Eighteen hundred miles and four days later, I made it back to Denver. I hope I cleared the cobwebs a bit. I needed to skip town for a few days and press a shutter button, regardless of the result. My digital images await my editor’s eye, and I just got back the proof scans of my film images. I shot all of those with the Hasselblad Superwide. I’ll post a selection of images later in the week after I’ve had time to do some culling and captioning.
I’m still learning how to get the best from the Superwide. I have to keep reminding myself that its best use is to get close to whatever I’m shooting, and put its wide, distortion-free field and immense depth of focus to work to tell the photograph’s story. The temptation with such a specialist camera is to make the camera itself the story – here’s a cool “wide angle” shot taken from half a mile away wow that’s really sharp isn’t that interesting….not.
To recap my itinerary, I started on Wednesday afternoon in Denver, and drove west to Grand Junction, Colorado, on the other side of the Front Range. GJ is not far from Utah; it’s a favorite starting point for staging into southeastern Utah’s system of parks and public-access spaces. It’s a 250-mile drive, but with frequent stops it took me 6 hours to get there. No matter; the point was to get out and look at stuff, and maybe make a picture or two.

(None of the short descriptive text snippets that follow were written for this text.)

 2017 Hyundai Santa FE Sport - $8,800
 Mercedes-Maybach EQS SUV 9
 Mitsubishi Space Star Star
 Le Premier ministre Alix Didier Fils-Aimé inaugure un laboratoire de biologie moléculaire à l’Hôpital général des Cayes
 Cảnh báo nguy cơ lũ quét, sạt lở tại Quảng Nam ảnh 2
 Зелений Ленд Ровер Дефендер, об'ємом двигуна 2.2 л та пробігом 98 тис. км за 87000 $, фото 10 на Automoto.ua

Thursday morning I drove to St George, Utah, through some of the most beautiful country in North America. I stopped, among other places, at Bryce Canyon, which I mentioned in my last post. The images I made – stay tuned – don’t really do it justice. That, in fact, is why I don’t consider myself a “landscape” photographer, in the tradition of Ansel Adams and others; anything I might shoot in that genre has already been done, and better, than I could do it. Simple documentation of locales doesn’t interest me much. But that said, there was a lot of cool “landscape-y” stuff along the route to St. George, so I gave in to temptation. I’ll post a selection of Bryce images soon.
Friday morning I left for the final outbound leg, to Gallup, NM. This southeasterly route shallowly cuts off the northeast corner of Arizona. The best part came along US Highway 89/89A, which I picked up at Fredonia, AZ, and followed in a meandering southeasterly direction, skirting Grand Canyon National Park to the north and east. I was tempted, but I’ve already been to the south rim of the Grand Canyon, and didn’t feel much like arriving at mid-day or early afternoon, to deal with harsh light and hordes of tourists. Besides, I was still reeling from Bryce, and not sure I wanted to look at some old ditch in the desert after beholding the wonders in Utah.

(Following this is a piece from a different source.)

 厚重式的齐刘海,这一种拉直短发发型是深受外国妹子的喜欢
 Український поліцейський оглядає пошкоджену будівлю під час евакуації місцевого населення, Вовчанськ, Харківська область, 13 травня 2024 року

The route goes through the Navajo and Paiute reservations, and is a stark and beautiful desert landscape. Then, as US 89 veers due south towards Flagstaff, AZ, one traverses the Cococino National Forest, again a place of surpassing beauty. Then it’s on to I-40E near Winona, AZ, and there’s not much to look at until you get to Gallup. I was sorely tempted by the Petrified Forest and the Meteor Crater, but I arrived too late in the day for those attractions. Something for next time.

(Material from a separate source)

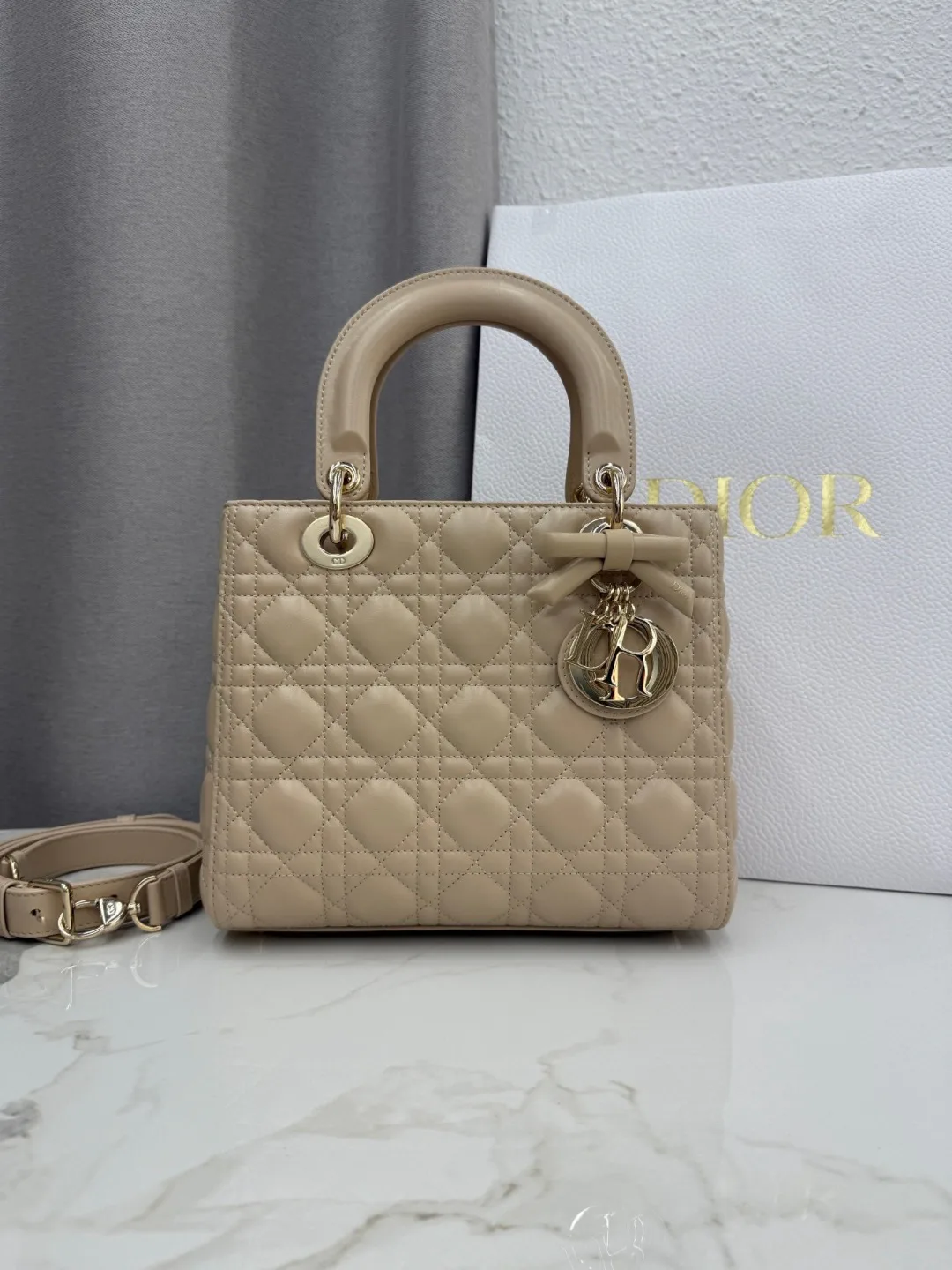 Классические Сумки Женские Christian Dior 18116349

Saturday was my day to drive home; I was road-sick by this point, and the novelty of driving had worn off pretty thoroughly. My plan was to head towards Durango, CO, a part of my newly-adopted home state I’d not yet seen. US 491 took me north through Navajo and Ute nations lands, and Shiprock, NM, where it crosses US 64 at right angles. Then it was on to Farmington, NM and north to Durango. I didn’t find this leg of the trip compelling; it felt like a segment to get through quickly. Only when I got into CO and the terrain began to climb again did I really enjoy the view. Note to self for future trips.
There are numerous wildfires burning throughout the West, and I frequently encountered haze and the piney smell of burning wood, like a distant campfire. The Durango-to-Denver final homeward hop took me through at least four national forests, and I wound up having to alter my route slightly because of a road closure on US 280, due to fire. I finally made my way via Leadville, CO, through Breckinridge, to I-70 westbound and home. Saturday’s drive was something like 10 hours, which I’d have broken up if I’d planned better, and surrendered less to whim.
A note about what worked, and what didn’t. The American Southwest worked, overtime. My love for the region has been firmly cemented; the mix of desert, mountain, and forest is just enchanting. If I can convince my wife, I’d like to retire there. If they still have any water left.
The Fuji X-Pro1 with the Leica 35/2 Summicron ASPH worked – even though a 35 on its APS sensor is more like a 50, a bit too wide for my taste. That’s what feet are for, to move oneself backward away from the subject. Not bad for a 6-year-old camera, which might as well be from the Pleistocene, given the half-life of digital cameras. I wouldn’t say that the Leica lenses are better than the native Fuji lenses; they are different, in a pleasing way. Less bitingly sharp, with maybe better micro-contrast.
The Superwide worked, and will work even better once i’ve figured out how to get the best from it. It’s lightweight, simple, and oh, my, that lens. Get closer…. I was asked several times about the “video” camera I was using; when I mentioned “film” you might have thought I was holding a moon rock or the tibia of St Paul or something. I make a habit of looking, and mine was the only film camera I saw in my four days of travel. I saw no evidence of the current film resurgence, beyond the trunk of my car.
Which performed admirably; but Subaru’s in-car navigation decidedly sucked. This is evidently true of every OEM nav/entertainment system; at my last service visit the manager admitted as much. She told me that all the carmakers want to “own the customer experience”, whatever the f*^k that means. What they “own” is a steaming pile of flyspecked dung. My 2016 Outback’s systems are NOT Android- or Apple CarKit-compatible, but new models will be after 2019. I’m hoping for a firmware upgrade that will allow me belated entry to the 21st century.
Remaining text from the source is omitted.